As demissões de pessoas ocupadas em uma empresa – quando não derivam de mudanças substantivas na demanda do produto ou dos serviços proporcionados pela firma – não estão diretamente ligadas com o progresso técnico poupador de trabalho, nem tampouco com o ciclo de negócios. Atualmente, se trata de um movimento motivado pelo interesse de recuperar, no curto prazo, o valor acionário das empresas para oferecer maiores lucros anuais distribuídos aos acionistas. Deve-se, também, ao resultado de transformações na estrutura das empresas, orientadas para ampliar os lucros em um horizonte temporal mais amplo.

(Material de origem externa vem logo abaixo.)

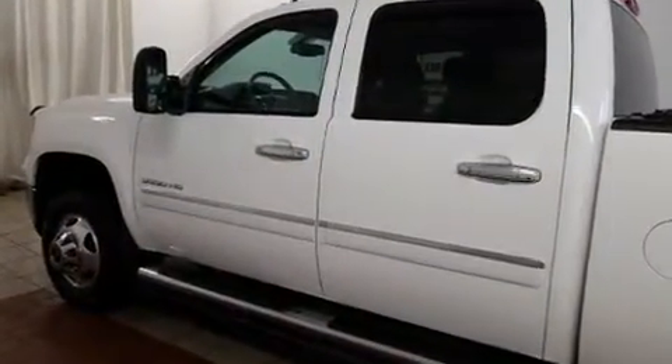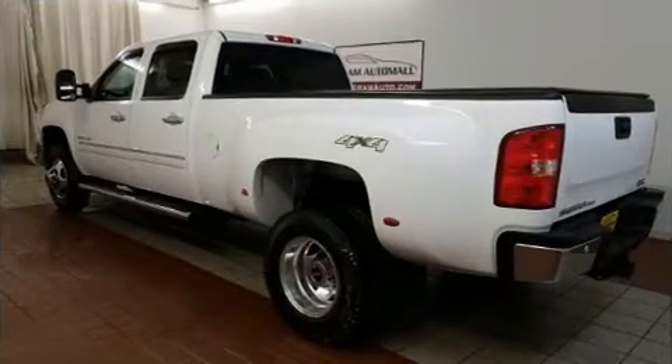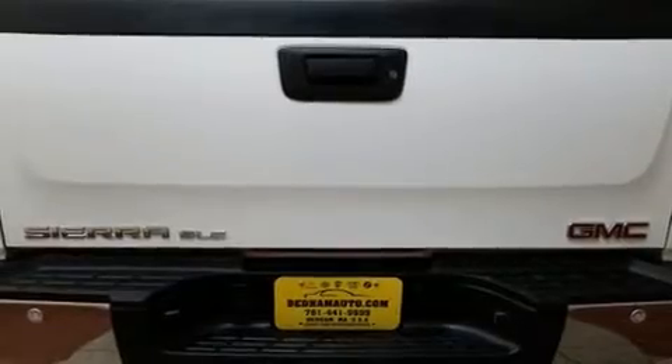The following features are included: front and rear reading lights, a rear step bumper, an automatic dimming rear view mirror, a trailer hitch, and power windows.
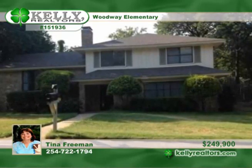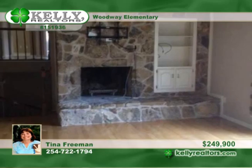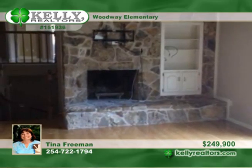The price has been reduced on this large 5 bedroom 3 bath home in Woodway. The downstairs game room is complete with a fireplace.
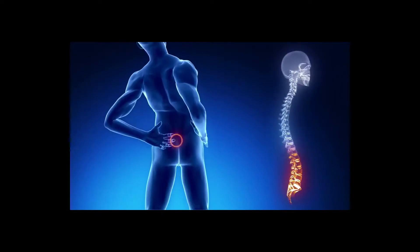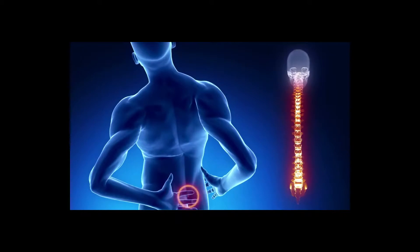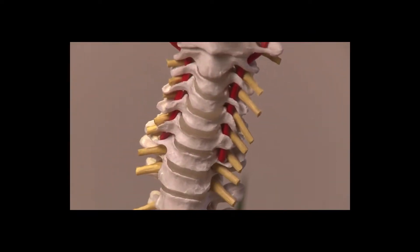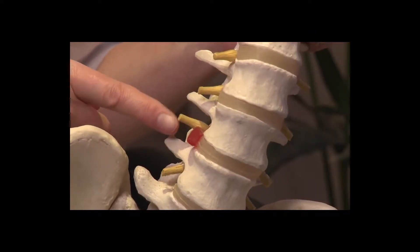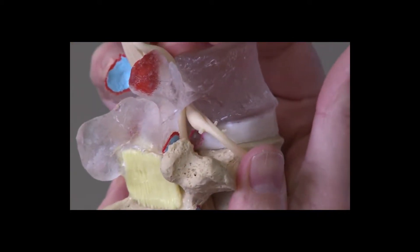Treatment works by gently distracting and mobilising targeted spinal segments using a series of carefully controlled pulling forces called distraction forces. The distraction helps to improve mobility in the painful area, and this is important for healing. It also helps relieve pressure on structures such as the intervertebral disc, spinal nerves and the joints of the vertebra themselves, which can be causing pain.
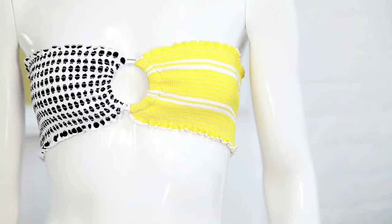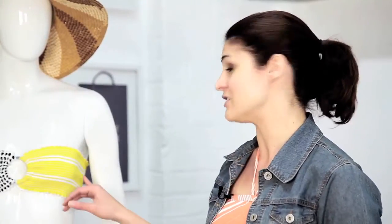The bandeau style is a great option for women with a small bust because you don't need to have the same support, so you can do this without worrying about there being too much weight on top.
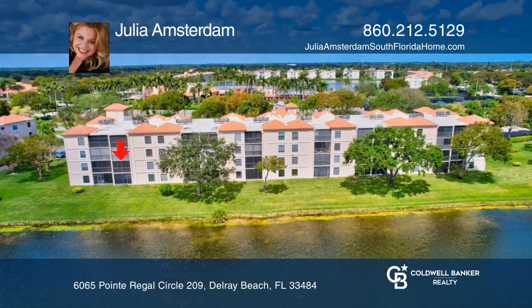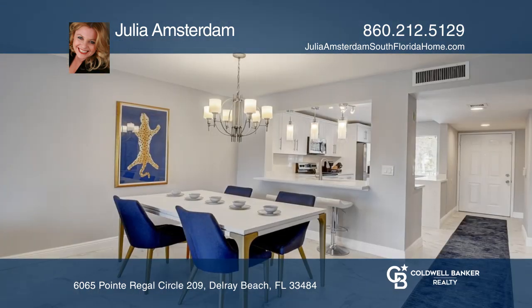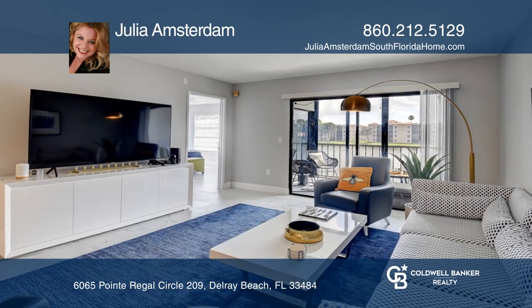This is your opportunity to own this beautiful unit in Delray Beach. The kitchen boasts stainless steel appliances, soft-close cabinets, waterfall granite countertops, and gorgeous light fixtures.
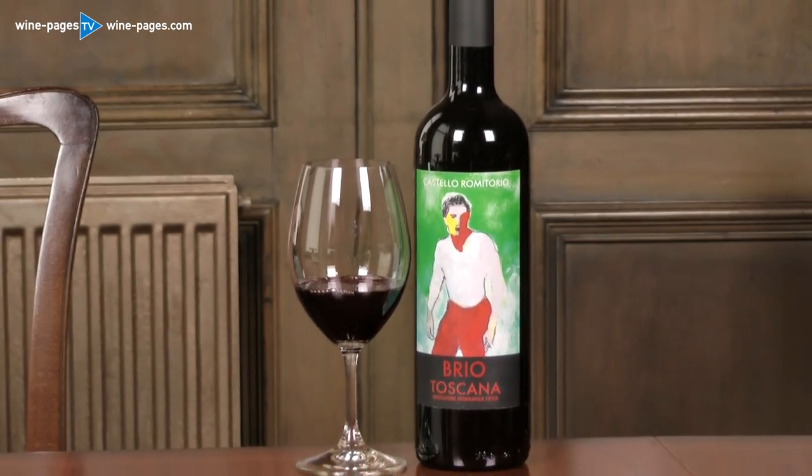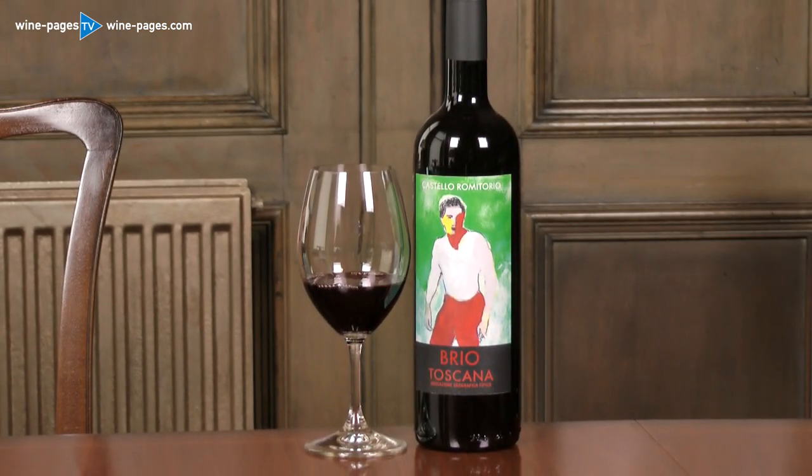So, a really great wine. This is the Brio Toscana 2016. It costs £13 from thedailydrinker.co.uk, and it's a very worthy wine of the week.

O foco dos gerentes americanos neste movimento de demissões em massa dos anos 1990 passou a ser demitir trabalhadores e distribuir rendas de forma a garantir os preços das ações, o que gerou elevados retornos aos acionistas (seguindo o princípio de governança de “maximização de valor ao acionista”) e também aos gerentes, uma vez que o ganho com a valorização da ação se tornou uma parte cada vez maior dos seus salários. Em outras palavras, os executivos aumentaram a lucratividade e os retornos financeiros para si e para os acionistas em detrimento dos rendimentos dos trabalhadores.

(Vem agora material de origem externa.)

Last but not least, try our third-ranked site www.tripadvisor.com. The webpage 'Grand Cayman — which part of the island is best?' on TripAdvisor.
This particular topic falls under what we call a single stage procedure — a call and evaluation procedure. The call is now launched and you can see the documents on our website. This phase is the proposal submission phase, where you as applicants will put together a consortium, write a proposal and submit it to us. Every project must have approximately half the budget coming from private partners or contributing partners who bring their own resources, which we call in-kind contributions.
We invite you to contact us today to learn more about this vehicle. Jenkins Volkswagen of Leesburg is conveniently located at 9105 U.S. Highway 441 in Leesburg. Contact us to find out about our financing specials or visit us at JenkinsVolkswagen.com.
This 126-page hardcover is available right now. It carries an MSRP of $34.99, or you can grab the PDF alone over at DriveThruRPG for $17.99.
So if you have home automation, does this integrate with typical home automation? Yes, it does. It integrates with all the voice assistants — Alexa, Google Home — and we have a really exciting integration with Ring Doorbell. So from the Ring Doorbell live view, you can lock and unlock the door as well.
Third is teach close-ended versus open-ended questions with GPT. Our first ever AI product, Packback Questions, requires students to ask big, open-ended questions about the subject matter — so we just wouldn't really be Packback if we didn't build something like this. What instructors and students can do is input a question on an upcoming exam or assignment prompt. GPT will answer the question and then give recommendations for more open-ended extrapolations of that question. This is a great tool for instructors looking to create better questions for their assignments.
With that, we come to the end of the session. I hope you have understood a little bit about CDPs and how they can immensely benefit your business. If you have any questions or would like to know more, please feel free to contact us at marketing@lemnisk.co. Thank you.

No entanto, tais políticas nem sempre se transformam em resultados positivos para as empresas, especialmente para as de menor tamanho. No caso das grandes empresas, o impacto da lógica de curto ou longo prazo na rentabilidade pode variar bastante. O impacto sustentado na rentabilidade é maior para aquelas empresas que seguem uma lógica de longo prazo (McKinsey, 2017). Para algumas firmas, os benefícios econômicos antecipados não se materializaram – como redução dos custos, aumento dos lucros e do retorno sobre o investimento – e nem os benefícios organizacionais de se operar com uma estrutura reduzida. Do ponto de vista do emprego, houve declínio da estabilidade, queda do tempo de permanência (aumento da rotatividade), baixos salários, elevada flexibilidade e crescimento da desigualdade de renda e da riqueza. Muitas das vezes, os resultados negativos se davam pela queda da produtividade do trabalho, uma vez que a moral dos empregados era deteriorada pela permanente ameaça de desemprego (Cascio, 1993).
Em última instância, a reestruturação da planta de trabalho é sempre um instrumento para aumentar a rentabilidade, se transformando em elemento para ameaçar os trabalhadores e dissuadir os sindicatos (Baumol et al., 2003; Gordon, 1996; Harrison, 1997). O discurso corporativo de que o downsize atende às necessidades das empresas tornarem-se mais enxutas e eficientes para competir nos mercados globais e nos novos setores mascara a realidade de um conflito de apropriação da riqueza gerado pela empresa que opõem os acionistas e os gerentes, de um lado, pelos ganhos de maiores dividendos e salários (respectivamente), e os trabalhadores, de outro, que, através da insegurança no emprego gerada pelas demissões em massa apresentaram, em média, salários reais declinantes nos Estados Unidos nos anos 1980 e 1990 (Gordon, 1996).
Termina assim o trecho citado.